++++ EXTRACTED RECORDS
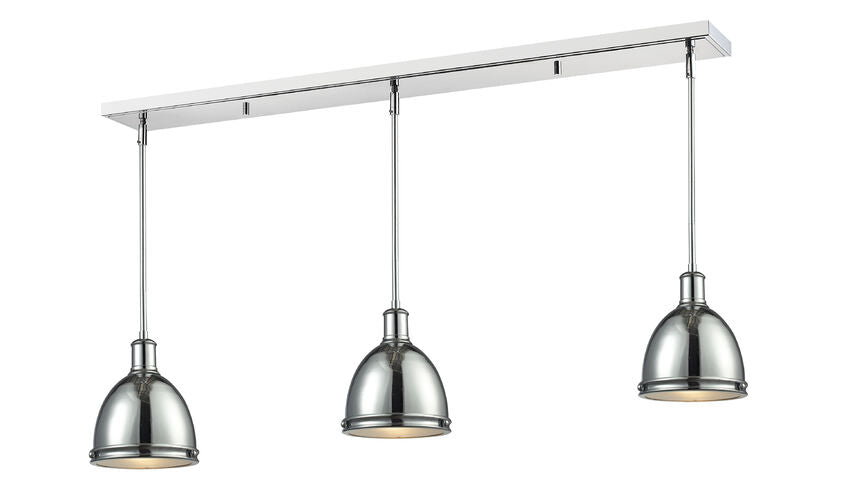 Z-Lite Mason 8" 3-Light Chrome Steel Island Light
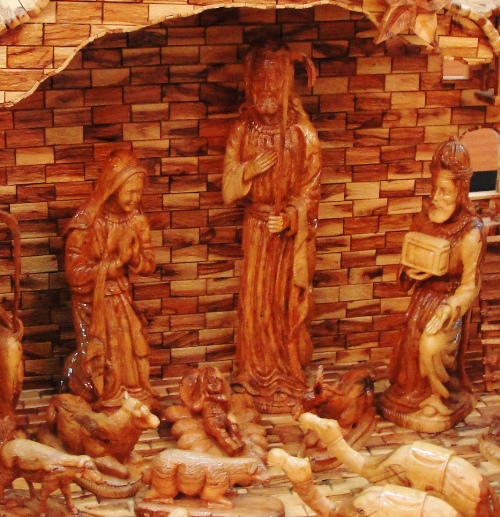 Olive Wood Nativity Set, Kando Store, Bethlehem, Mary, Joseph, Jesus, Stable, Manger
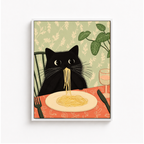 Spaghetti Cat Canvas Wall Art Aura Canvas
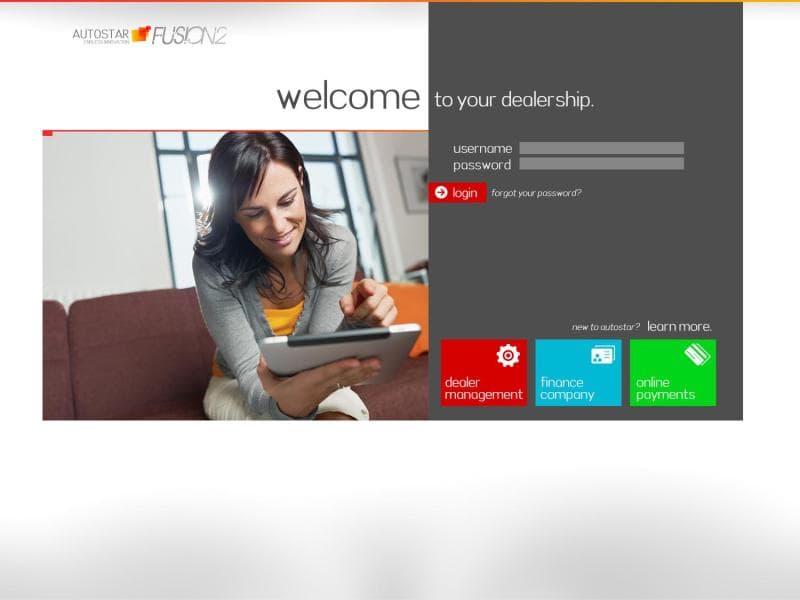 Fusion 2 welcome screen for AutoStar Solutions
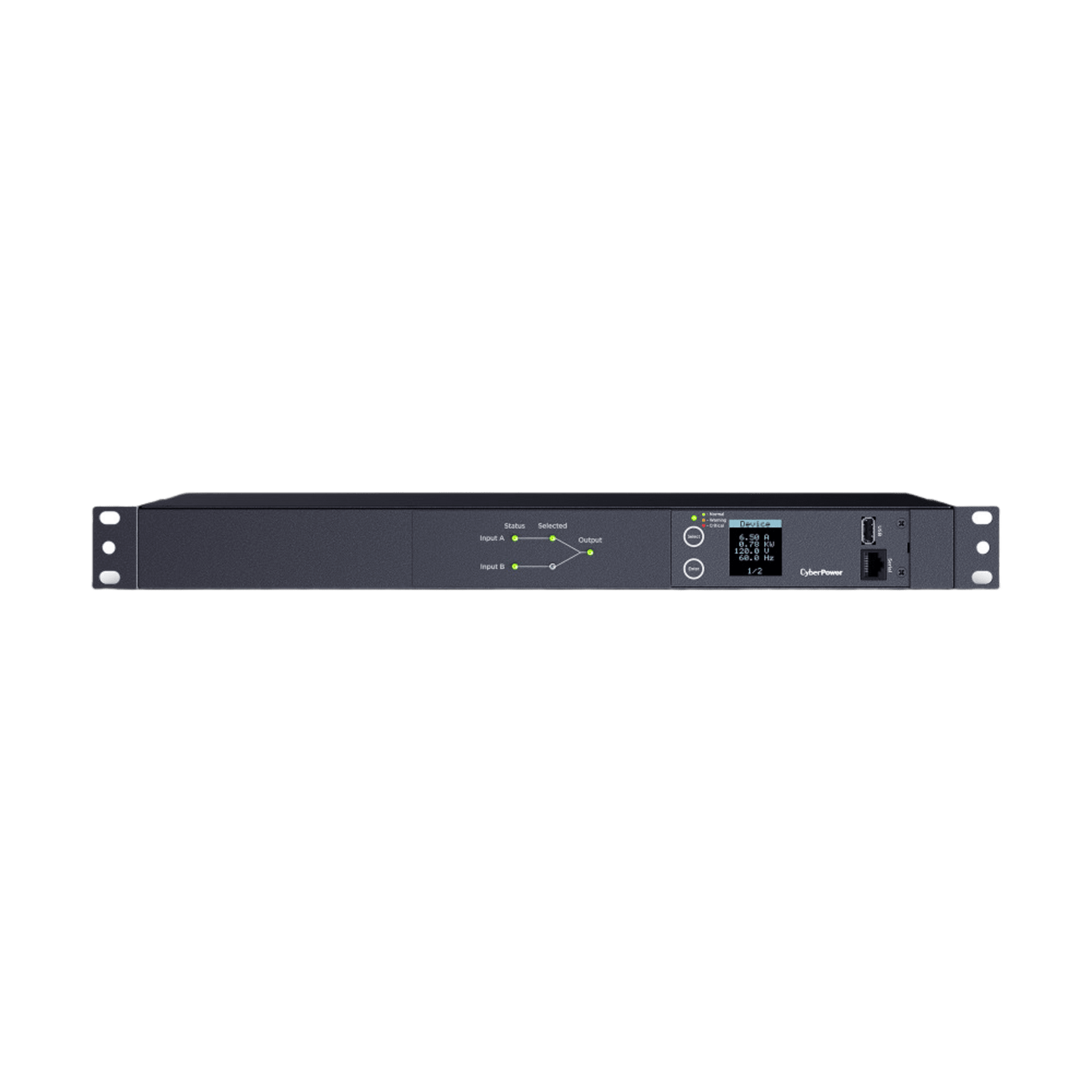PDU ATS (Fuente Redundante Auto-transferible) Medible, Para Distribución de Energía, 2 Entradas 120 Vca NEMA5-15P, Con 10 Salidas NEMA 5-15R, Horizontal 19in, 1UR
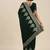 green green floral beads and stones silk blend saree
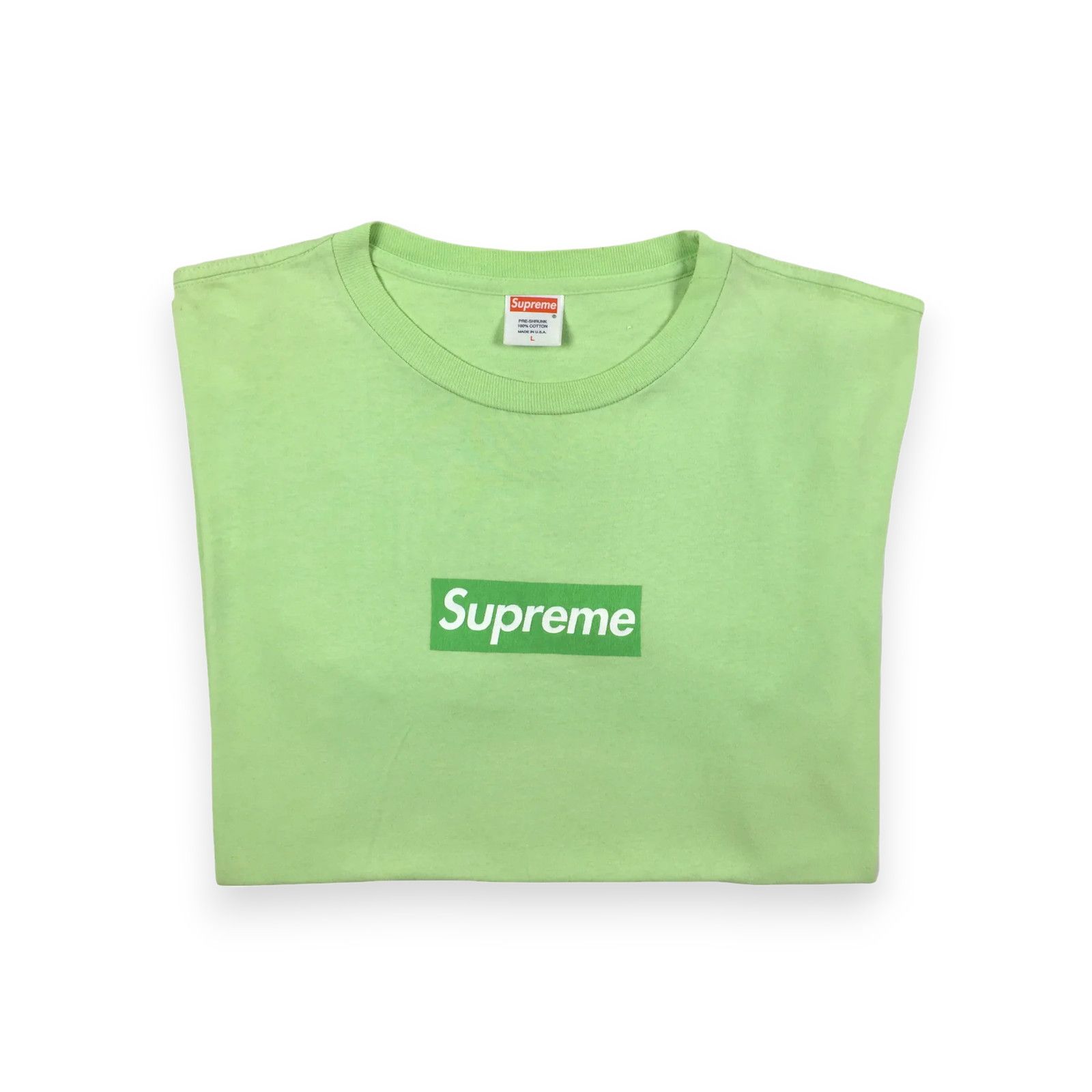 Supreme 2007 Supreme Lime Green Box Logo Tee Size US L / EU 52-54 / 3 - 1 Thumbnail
++++++++
### EXERCISE AIM
The entries above should be retyped exactly, minus any pictures.

### SOLUTION BELOW
 Z-Lite Mason 8" 3-Light Chrome Steel Island Light
 Olive Wood Nativity Set, Kando Store, Bethlehem, Mary, Joseph, Jesus, Stable, Manger
 Spaghetti Cat Canvas Wall Art Aura Canvas
 Fusion 2 welcome screen for AutoStar Solutions
PDU ATS (Fuente Redundante Auto-transferible) Medible, Para Distribución de Energía, 2 Entradas 120 Vca NEMA5-15P, Con 10 Salidas NEMA 5-15R, Horizontal 19in, 1UR
 green green floral beads and stones silk blend saree
 Supreme 2007 Supreme Lime Green Box Logo Tee Size US L / EU 52-54 / 3 - 1 Thumbnail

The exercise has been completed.